CISO compensation levels are growing more slowly than recent years. Security budget increases are even more deflated this year.
The details are provided in a new survey provided by information security advisory specialist IANS Research and high-level recruitment firm Artico Search. In April 2023, more than 600 US and Canadian security executives were queried for the fourth annual CISO Compensation and Budget survey (PDF summary). The companies concerned varied in size, sector, and location.
The headline takeaways from this survey are: the average CISO total compensation increase was at 11% (down from 14% in the previous year); 20% of CISOs did not receive a raise (double that of the previous year); and retention and equity packages were received by only 12% (down from 21%) and 8% (down from 24%) of CISOs respectively.
Nick Kakolowski, Senior Research Director at IANS, comments, “Commensurate compensation increases aren’t extending into the middle and lower quartiles of the market. We expect CISOs to seek change as a result – something evidenced in 75% of respondents saying they are considering a job change in the next 12 months.” It is worth noting, however, that compensation is only one of several causes that lead CISOs to change jobs (something SecurityWeek calls The CISO Carousel).
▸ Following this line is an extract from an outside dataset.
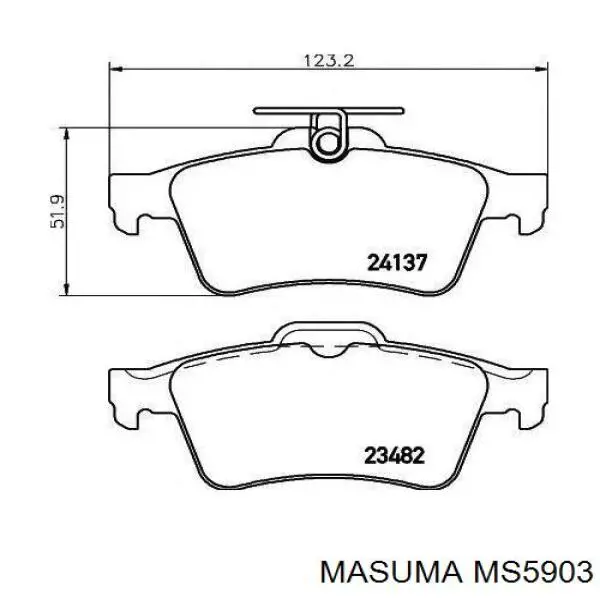 MS5903 Masuma Колодки гальмівні задні, дискові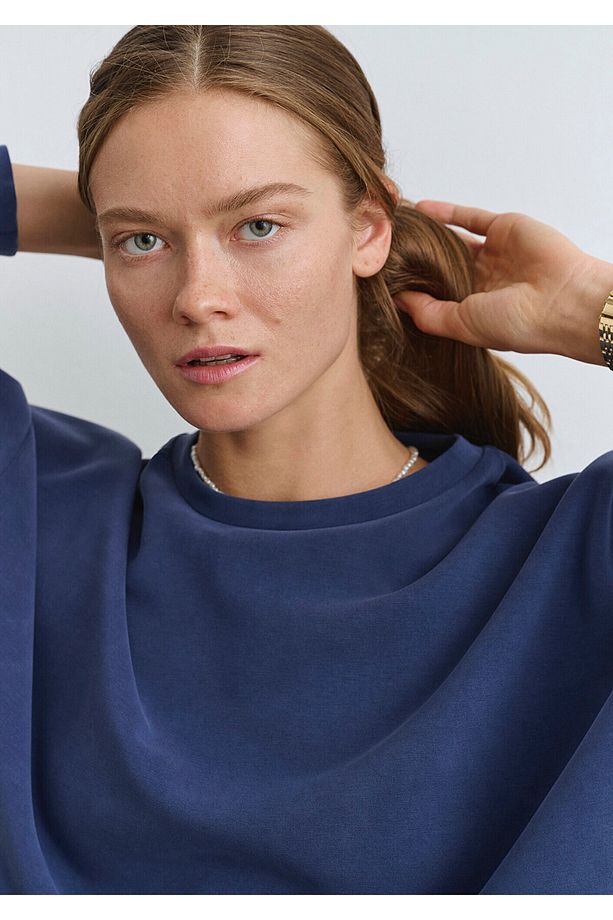 Lux Touch Tencel Tm Lacivert Modal Sweatshirt 168837-70491 - 5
It’s a stretch to link this carousel directly and solely to compensation.
It is further worth considering the 2023 Security Budget Benchmark Report that was produced by IANS/Artico partnership and compiled in September 2023. According to this report, security budgets have increased by 6% “following double-digit increases in 2020 and 2021”. In greater detail, more than one-third of CISOs (37%), “reported flat or declining security budgets, year-over-year.”
“More than one-third of security budgets are typically dedicated to staff compensation, so when budgets are tightened, it has an effect on CISO compensation,” says Steve Martano, a partner and executive recruiter in Artico Search’s cyber practice. This partly explains the lower than usual compensation increases. He adds, “Until the market opens up with more options, we recommend that CISOs work on their marketability by strengthening their personal brand, elevating their competence in business acumen and their executive presence to position themselves strongly with prospective employers.”
But the reality of the situation is that while CISO compensation is not increasing as fast as in previous years, it is still increasing at a faster rate than the overall security budget – and that same compensation package is taking even more out of the security budget.
Rather than “strengthening their personal brand”, most CISOs are likely more concerned with a well-known CISO problem: how to accomplish more with less.
SecurityWeek has some concerns with the overall validity of surveys in general (see Can You Trust Security Vendor Surveys?). For example, areas not well covered in this survey include the compensation difference between small-firm and large-firm CISOs, and the relationship with additional responsibilities.
Does a CISO who is also a board member receive higher compensation? Does a combined CISO/CTO, or CISO/CIO, or a Field CISO receive different compensation? The respondents to this survey are described as ‘security executives’ – does this include CSOs? CSOs are sometimes also responsible for elements of physical security as well as cybersecurity, and the additional responsibility could, or perhaps should, be reflected in the compensation received. It is not clear whether different CISO job descriptions affect differences in compensation increases.
Such concerns do not negate the survey itself — but we urge all security people to not immediately take surveys at full face value. Our own preference is to talk to individual CISOs about their role and responsibilities — and the huge difference between different types of CISO can be seen in SecurityWeek’s CISO Conversations series.